Kennis en wijsheid zijn géén synoniemen. Beide begrippen overlappen elkaar niet. Men hoeft geen kennis te bezitten om wijs te zijn. Alhoewel het wél helpt.

Aan onze westerse universiteiten staan kennis en wijsheid quasi voortdurend diametraal tegenover mekaar. Ze zijn haast elkaars tegenpolen. Onverzoenbaar. Als waren het antagonisten. Universiteiten zijn gigantische intellectuele conglomeraten geworden waar de enorme hoeveelheid ‘kennis’ die er vergaard, opgeslagen en geprolifereerd wordt er vooral voor zorgt dat de spirituele capaciteit om te zien waar het in dit bestaan wérkelijk om draait steeds maar kleiner wordt. In die zin zijn universiteiten een copie conforme van de huidige maatschappij. Conditionering in het kwadraat. Hoe immens de kennisgaring ook is, de meeste universiteiten onderkennen niet (willen niet onderkennen) dat het de ideologieën, de religies en de hieruit voortspruitende wereldbeelden zijn die uiteindelijk bepalen wélk soort kennis er ontwikkeld wordt. Deze evolutie betreur ik zeer. Dit is mijn wereld niet (meer). Het staat mijn spirituele vooruitgang in de weg. Mijn universitaire adelbrieven heb ik met een grijns verscheurd. Prullaria.
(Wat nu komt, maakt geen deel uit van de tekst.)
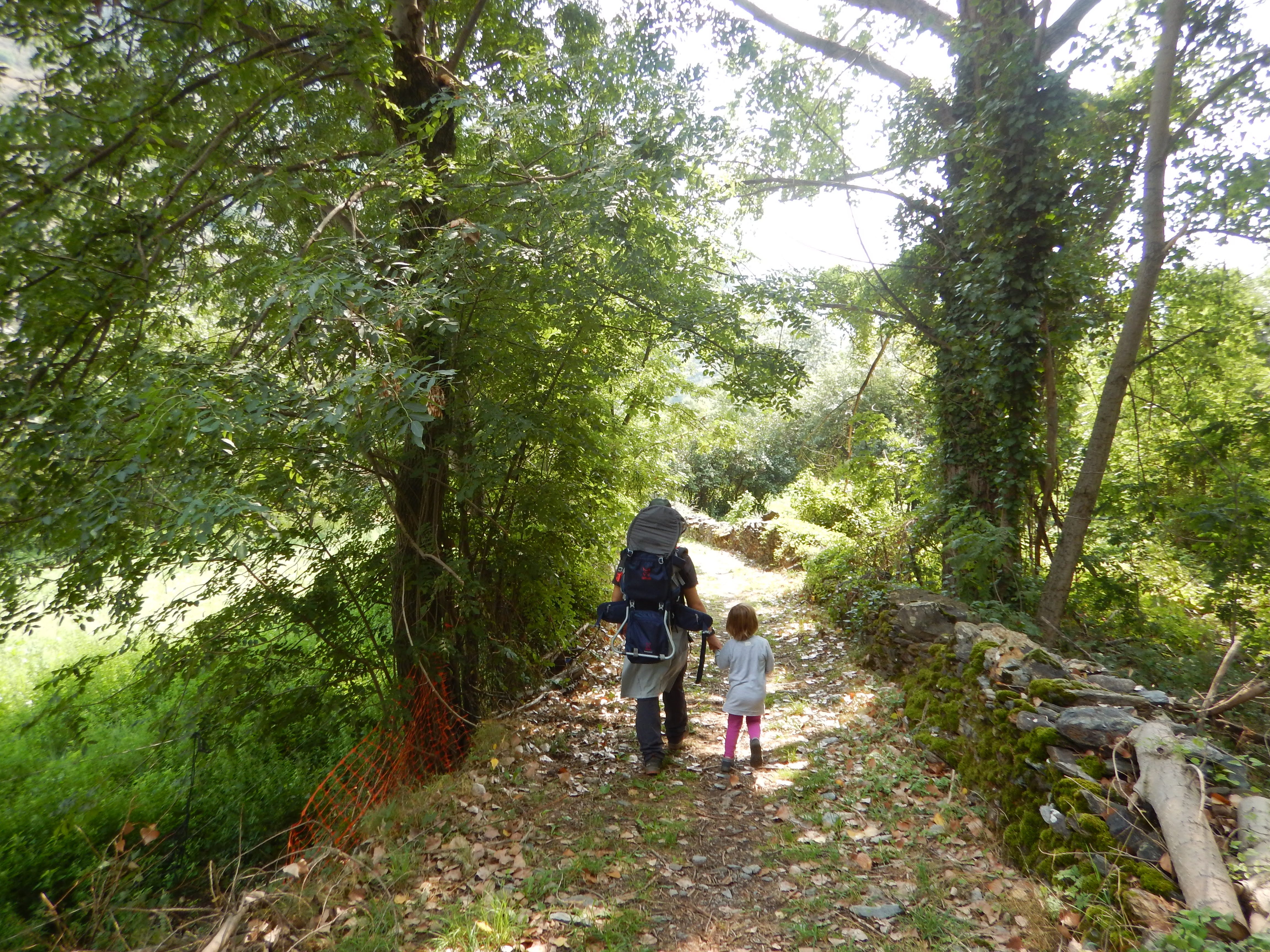 Sendero de bajada a Borén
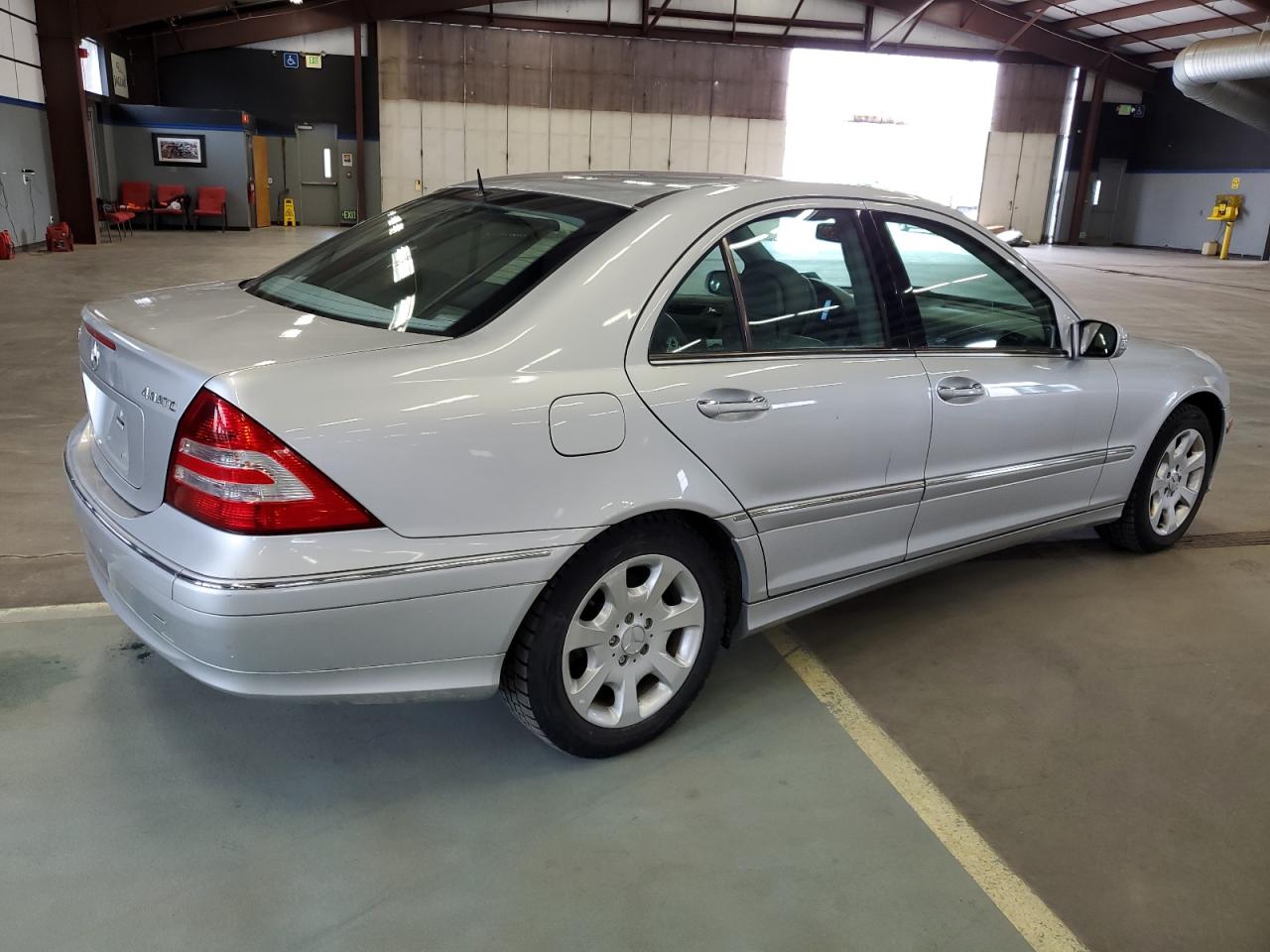 WDBRF81J65F658923 2005 Mercedes-Benz C 240 4Matic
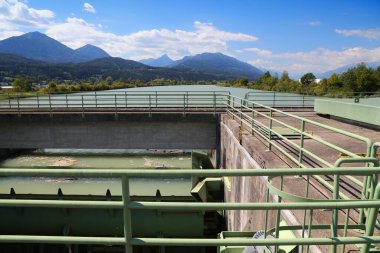 Avusturya hidroelektrik üretimi. Paternion 'da Drau (Drava) nehrindeki su santrali.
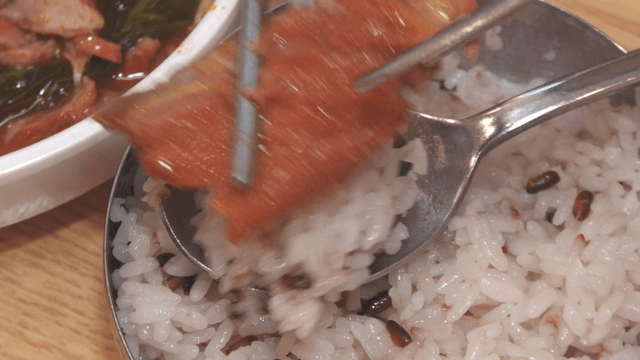 Boneless outer leaves pork back-bone stew placed on rice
‘Kennis’ en ‘wijsheid’ staan in veel gevallen diametraal tegenover elkaar. Ik geef enkele voorbeelden: Kennis behoort tot het verleden, terwijl wijsheid zich altijd in het heden manifesteert. Kennis bevredigt het ego, terwijl wijsheid juist dit ego vernietigt. Kennis is overgeleverd, komt van anderen, is tweedehands, terwijl wijsheid uit jezelf komt, oorspronkelijk is, ervaren wordt. Kennis wijst naar meten en weten, naar IQ. Wijsheid naar inzicht en mededogen. Naar panna en karuna. Kennis wijst naar het zintuiglijke, naar het geconditioneerde. Wijsheid naar het transcendente, het ongeconditioneerde. Zelfrealisatie wordt niet verkregen door geleende, ontvangen kennis van anderen (P. sutta-maya panna); noch door logisch en rationeel maar geconditioneerd denken (P. cinta-maya panna). Enkel door direct empirisch ervaren—ervaringswijsheid door zelfinzicht (P. bhavana-maya panna) kan de beoefenaar tot zelfrealisatie komen.

Inzicht wordt verworven door het vergankelijke, onbevredigende en zelfloze karakter van alle fenomenen (P. tilakkhaṇa) te herkennen, te erkennen en in zichzelf te realiseren. Op deze manier wordt ontnuchtering en onthechting ontwikkeld (P. nibbida), passieloosheid (P. viraga) ontvouwd, kalmte (P. upasama) gecreëerd en innerlijke vrede (P. santi) geschapen. Voortdurende opmerkzaamheid (P. sati) op de tilakkhaṇa is de enige beoefening die de mens tot finale bevrijding leidt: verlichting is het zien van de vergankelijkheid van alle dingen. En de gelijkmoedige aanvaarding (P. upekkha) van dit inzicht.

Zulk inzicht is wijsheid. Deze wijsheid zit verscholen in alle ‘dingen’. Maar is overal waarneembaar. Onomstotelijk aanwijsbaar. Door iedereen te ervaren. Als we maar kijken. Goed kijken. Aandachtig kijken. En gelijkmoedig aanvaarden.